After a stormy 66 day crossing, the Mayflower sighted the tip of Cape Cod. The Pilgrims made their first landing, on what is now modern day Provincetown. They stayed a month, surveyed the land and decided to move to a place previously mapped by English fisherman and explorers. It was called Plymouth. The concept of Plymouth Rock didn’t really come about till 1741 when an old church elder named Thomas Faunce made up the story.
Their first winter was brutal. Most of the passengers remained on board, suffering from exposure, pneumonia, tuberculosis and scurvy. By the time March arrived in 1621, only 53 of the original 102 survived.
When Spring arrived, an Abenaki native named Samoset walked into the colonist’s camp and spoke to them in English. He learned the language from English fisherman. Samoset introduced them to a Pawtuxet native named Squanto, who was kidnapped by an English sea captain, sold into slavery, escaped to London and eventually accompanied an expedition back to his homeland. Squanto introduced them to the Pokanoket Wampanoag tribe and their Chief, Massasoit.
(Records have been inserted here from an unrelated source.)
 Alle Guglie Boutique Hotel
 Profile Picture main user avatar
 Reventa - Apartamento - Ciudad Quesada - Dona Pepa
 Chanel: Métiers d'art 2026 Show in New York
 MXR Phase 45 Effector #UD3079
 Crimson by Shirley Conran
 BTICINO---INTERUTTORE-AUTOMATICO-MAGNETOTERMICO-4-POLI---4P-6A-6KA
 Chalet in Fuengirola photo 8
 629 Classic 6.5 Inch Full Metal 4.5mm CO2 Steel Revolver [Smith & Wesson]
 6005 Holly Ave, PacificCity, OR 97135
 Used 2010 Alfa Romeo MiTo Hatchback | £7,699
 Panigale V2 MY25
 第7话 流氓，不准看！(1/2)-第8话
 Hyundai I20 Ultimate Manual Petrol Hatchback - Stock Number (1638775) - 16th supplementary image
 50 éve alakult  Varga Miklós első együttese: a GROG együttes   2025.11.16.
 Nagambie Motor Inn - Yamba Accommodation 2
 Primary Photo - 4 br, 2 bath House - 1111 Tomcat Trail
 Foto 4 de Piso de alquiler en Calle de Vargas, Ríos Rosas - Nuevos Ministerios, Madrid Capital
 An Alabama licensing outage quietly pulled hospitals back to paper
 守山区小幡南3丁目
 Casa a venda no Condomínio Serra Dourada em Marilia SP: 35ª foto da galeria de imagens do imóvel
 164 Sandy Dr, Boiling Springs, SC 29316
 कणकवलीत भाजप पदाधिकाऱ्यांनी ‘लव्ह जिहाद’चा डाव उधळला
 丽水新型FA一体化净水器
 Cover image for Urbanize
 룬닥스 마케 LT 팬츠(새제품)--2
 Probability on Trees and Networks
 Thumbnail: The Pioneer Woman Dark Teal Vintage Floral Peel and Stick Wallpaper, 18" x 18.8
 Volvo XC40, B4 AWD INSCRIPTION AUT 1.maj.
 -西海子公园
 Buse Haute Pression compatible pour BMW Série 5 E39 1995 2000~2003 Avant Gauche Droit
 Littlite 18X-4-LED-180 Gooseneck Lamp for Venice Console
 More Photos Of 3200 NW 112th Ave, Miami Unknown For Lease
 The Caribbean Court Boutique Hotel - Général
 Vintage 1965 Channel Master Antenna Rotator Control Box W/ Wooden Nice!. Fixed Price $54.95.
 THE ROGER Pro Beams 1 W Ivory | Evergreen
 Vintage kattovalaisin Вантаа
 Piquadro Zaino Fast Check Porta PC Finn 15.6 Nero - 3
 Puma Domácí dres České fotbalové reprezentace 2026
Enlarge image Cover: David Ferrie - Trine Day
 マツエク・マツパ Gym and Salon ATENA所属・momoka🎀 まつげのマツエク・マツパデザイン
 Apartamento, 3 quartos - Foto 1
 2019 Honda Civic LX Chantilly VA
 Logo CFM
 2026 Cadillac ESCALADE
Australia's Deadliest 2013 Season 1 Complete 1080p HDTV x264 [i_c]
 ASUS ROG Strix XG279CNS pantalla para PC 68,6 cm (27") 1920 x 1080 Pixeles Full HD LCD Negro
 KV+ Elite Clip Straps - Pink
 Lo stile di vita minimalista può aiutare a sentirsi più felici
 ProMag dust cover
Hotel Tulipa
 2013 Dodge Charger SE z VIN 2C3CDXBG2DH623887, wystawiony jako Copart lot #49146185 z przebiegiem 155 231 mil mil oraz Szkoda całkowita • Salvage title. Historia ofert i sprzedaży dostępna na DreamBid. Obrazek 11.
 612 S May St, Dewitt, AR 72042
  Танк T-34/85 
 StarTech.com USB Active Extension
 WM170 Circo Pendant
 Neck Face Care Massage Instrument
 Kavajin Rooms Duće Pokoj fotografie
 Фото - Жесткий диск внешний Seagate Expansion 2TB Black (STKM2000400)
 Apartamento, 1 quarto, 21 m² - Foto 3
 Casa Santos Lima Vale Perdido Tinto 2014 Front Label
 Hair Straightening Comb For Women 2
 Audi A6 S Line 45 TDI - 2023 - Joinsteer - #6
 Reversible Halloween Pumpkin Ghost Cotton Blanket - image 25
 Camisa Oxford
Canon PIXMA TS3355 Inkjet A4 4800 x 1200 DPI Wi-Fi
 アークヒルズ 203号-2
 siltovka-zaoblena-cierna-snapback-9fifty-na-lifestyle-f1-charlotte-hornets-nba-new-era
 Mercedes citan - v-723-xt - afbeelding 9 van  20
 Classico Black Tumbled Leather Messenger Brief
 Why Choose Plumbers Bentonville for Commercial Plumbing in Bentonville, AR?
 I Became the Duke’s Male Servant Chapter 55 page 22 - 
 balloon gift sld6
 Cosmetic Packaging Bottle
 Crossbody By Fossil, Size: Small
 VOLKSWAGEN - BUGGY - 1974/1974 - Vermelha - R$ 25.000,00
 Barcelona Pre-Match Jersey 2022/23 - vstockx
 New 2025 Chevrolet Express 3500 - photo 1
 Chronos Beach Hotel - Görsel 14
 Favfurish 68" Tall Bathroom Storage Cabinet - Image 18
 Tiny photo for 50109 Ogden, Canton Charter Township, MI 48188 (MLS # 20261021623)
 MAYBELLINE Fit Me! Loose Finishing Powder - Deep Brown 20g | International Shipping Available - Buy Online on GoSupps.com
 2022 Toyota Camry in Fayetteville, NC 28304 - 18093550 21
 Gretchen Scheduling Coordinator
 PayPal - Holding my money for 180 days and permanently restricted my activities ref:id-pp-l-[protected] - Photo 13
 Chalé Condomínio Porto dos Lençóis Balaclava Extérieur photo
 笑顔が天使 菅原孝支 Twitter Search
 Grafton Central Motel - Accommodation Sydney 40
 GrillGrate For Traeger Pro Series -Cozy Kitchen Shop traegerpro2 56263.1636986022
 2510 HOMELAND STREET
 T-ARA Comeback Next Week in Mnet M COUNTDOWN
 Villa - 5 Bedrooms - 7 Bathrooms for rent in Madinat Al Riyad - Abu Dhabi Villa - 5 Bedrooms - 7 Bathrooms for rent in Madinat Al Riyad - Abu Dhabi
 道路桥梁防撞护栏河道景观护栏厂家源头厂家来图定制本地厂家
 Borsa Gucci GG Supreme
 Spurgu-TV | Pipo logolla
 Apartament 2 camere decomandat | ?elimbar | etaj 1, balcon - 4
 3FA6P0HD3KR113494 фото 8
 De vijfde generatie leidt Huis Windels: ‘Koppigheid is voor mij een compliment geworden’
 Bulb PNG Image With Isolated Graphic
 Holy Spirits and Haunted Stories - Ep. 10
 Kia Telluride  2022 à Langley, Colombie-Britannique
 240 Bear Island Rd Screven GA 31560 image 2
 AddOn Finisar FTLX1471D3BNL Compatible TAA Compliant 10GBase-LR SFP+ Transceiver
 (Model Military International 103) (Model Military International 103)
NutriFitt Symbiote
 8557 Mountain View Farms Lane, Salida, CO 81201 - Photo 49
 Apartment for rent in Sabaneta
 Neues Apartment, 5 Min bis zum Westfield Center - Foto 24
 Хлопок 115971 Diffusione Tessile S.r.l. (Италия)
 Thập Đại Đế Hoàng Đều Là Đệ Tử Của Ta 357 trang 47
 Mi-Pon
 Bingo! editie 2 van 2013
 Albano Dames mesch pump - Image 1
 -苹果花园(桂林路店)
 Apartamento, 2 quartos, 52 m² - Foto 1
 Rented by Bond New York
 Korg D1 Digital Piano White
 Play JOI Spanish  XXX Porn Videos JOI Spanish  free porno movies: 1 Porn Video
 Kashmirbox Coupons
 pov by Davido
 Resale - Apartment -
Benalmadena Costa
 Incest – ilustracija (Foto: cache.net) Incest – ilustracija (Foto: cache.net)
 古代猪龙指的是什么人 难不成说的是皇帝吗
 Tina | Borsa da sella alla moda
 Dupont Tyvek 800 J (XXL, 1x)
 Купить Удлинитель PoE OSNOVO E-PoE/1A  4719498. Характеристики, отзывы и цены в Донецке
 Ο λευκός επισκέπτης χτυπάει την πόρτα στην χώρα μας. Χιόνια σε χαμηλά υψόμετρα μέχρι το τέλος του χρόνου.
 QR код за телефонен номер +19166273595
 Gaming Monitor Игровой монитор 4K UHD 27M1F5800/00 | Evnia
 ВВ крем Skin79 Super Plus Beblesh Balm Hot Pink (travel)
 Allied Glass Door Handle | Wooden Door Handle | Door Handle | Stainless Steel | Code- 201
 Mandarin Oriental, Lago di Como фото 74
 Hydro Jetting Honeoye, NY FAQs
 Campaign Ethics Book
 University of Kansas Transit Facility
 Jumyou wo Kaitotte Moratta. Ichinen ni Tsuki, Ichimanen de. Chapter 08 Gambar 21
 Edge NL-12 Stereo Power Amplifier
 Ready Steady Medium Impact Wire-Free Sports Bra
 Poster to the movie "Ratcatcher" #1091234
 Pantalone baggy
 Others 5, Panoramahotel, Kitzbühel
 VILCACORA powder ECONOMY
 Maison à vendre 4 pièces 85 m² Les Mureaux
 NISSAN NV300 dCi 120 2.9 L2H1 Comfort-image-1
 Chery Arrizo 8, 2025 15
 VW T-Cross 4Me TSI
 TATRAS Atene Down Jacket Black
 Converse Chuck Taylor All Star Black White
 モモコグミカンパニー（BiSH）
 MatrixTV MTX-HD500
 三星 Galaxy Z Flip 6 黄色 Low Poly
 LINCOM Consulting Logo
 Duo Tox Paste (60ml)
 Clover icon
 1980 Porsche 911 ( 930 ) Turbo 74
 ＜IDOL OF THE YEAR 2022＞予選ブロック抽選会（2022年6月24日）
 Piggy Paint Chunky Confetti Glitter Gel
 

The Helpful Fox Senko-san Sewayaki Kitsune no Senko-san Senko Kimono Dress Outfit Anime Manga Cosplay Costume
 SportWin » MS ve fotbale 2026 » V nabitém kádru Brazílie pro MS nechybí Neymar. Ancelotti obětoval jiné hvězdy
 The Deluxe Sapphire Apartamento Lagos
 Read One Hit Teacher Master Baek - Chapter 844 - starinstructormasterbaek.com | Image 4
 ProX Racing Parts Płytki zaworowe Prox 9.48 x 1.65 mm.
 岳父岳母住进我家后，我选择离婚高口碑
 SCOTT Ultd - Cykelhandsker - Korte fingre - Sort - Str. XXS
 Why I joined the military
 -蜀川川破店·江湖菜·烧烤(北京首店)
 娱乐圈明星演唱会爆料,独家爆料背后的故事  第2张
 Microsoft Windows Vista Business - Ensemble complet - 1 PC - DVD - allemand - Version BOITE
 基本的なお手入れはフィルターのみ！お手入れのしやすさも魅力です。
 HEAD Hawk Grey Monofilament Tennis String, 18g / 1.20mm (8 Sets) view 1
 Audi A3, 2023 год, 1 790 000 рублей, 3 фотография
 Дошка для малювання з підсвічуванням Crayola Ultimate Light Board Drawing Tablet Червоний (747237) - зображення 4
The Wampanoag taught the English how to survive; how to cultivate corn and squash, extract sap from maple trees, catch fish in the rivers, collect oysters, mussels, berries and nuts and avoid poisonous plants.
In November 1621, after the Pilgrims harvested their first crop of corn, William Bradford, the Governor of the Plymouth Colony extended a feast invitation to Massasoit and the Pokanoket Wampanoag, a celebration that lasted for days and became the inspiration for the Thanksgiving holiday.
The alliance of peace and mutual protection between the colonists and the natives lasted till 1675. It endured epidemics of smallpox, typhoid and measles, all brought to the New World by the ever-growing population of colonists but in 1675, the Pakonoket Wampanoag declared war on the colonies. By 1676, close to half the tribe was killed. The remainder were sold into slavery.
In 1827, Sarah Josepha Hale, editor of the American Ladies Magazine and composer of the nursery rhyme Mary Had a Little Lamb, launched a campaign to make Thanksgiving a national holiday. There hadn’t been a formal Thanksgiving dinner since the days of Massasoit. For 36 years, she published editorials, wrote letters to Governors, Senators, Lobbyists and Presidents.
Finally, in 1863, in the midst of the Civil War, President Abraham Lincoln read one of her letters. He was looking for ways to heal the country. A day of Thanksgiving seemed like a good idea. Lincoln proclaimed a National Thanksgiving Day to be held every November.
In 1939, President Franklin Delano Roosevelt gave the holiday a date, the last Thursday of the month.